A series of intrinsically black polyimide (PI) films have been designed and synthesized by the copolymerization of pyromellitic dianhydride (PMDA), 4,4′-oxydianiline (ODA) and 4,4′-diaminodiphenylamine (NDA) via a two-step polycondensation procedure, followed by the high temperature imidization reaction of the poly(amic acid) (PAA) intermediates. Incorporation of the electron-rich NDA diamine apparently enhanced the formation of charge transfer complex (CTC) between the electron-donating diamine units and the electron-accepting dianhydride moiety; thus greatly absorbing the visible light and endowing the derived PI films deep colors. PI-5 with the 100% molar ratio of NDA in the diamines exhibited a cutoff wavelength value of 555 nm, which was 127 nm higher than that of PI-1 without NDA component. The PI films were nearly totally opaque at the wavelength of 500 nm when the molar ratio of NDA exceeded 80% in the diamines.

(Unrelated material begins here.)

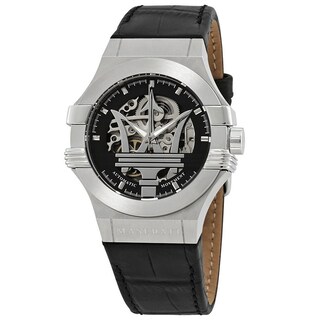 Foto 1 | Foto 1 | Reloj Maserati Hombre Potenza R8821108001 Caja Redonda 40mm Diámetro Acero Inoxidable Cierre Hebilla Movimiento Cuarzo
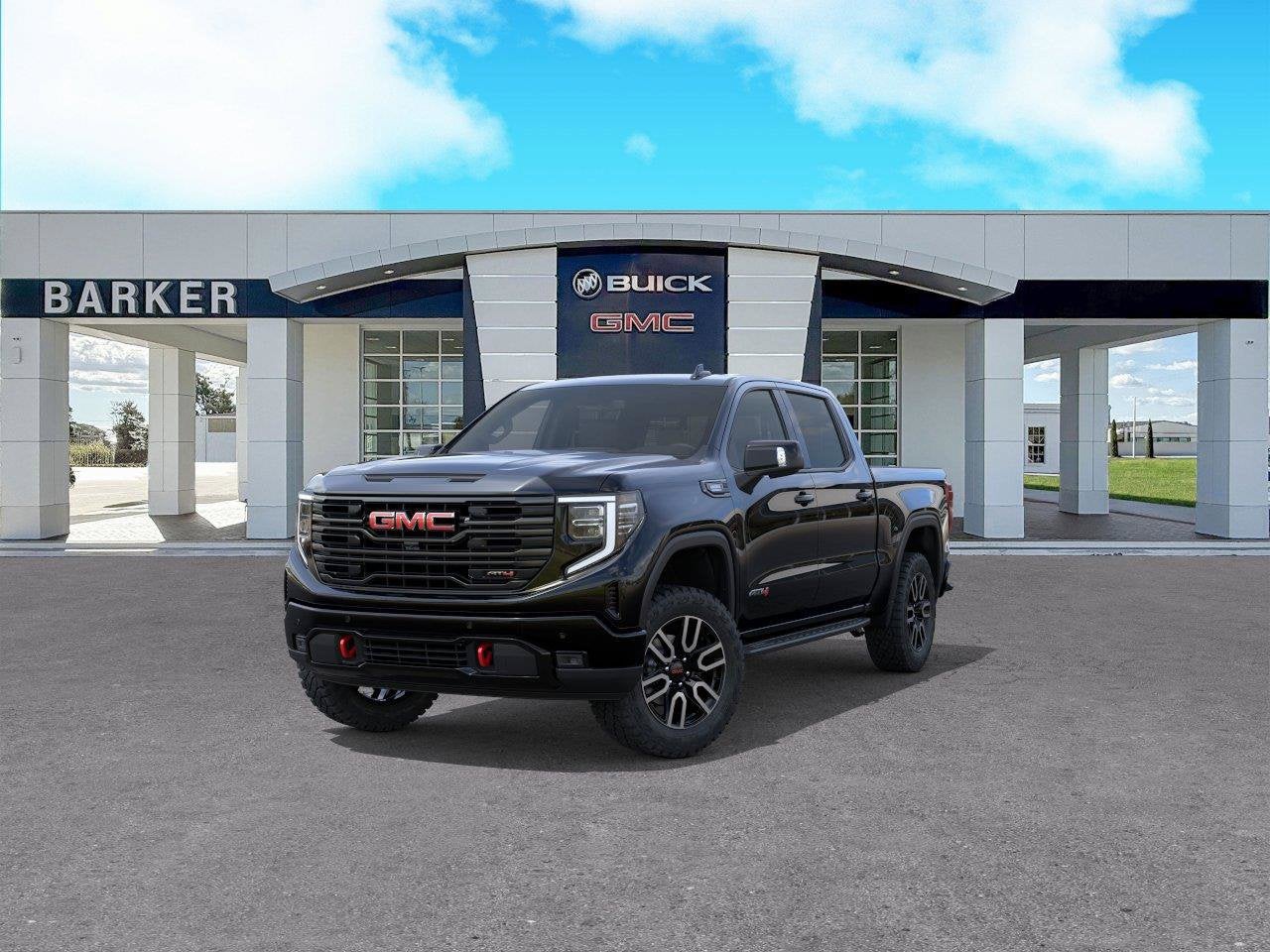 2026 GMC Sierra 1500 AT4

PI-5 showed International Commission on Illumination (CIE) lab color parameters of 23.36 for L*, 46.43 for a*, and 40.26 for b*, indicating the essentially black plus red color instead of the yellow plus blue color for PI-1 film (L* = 89.93, a* = −11.09, and b* = 84.23). In addition, introduction of NDA into the copolymer films increased the high temperature dimensional stability of the films. PI-5 exhibited a glass transition temperature (Tg) and coefficient of thermal expansion (CTE) of 431.6 °C and 18.8 × 10−6 /K, respectively, which were superior to those of the PI-1 film (Tg = 418.8 °C, CTE = 29.5 × 10−6 /K). At last, incorporation of NDA components somewhat decreased the tensile properties and thermal decomposition temperatures of the PI films.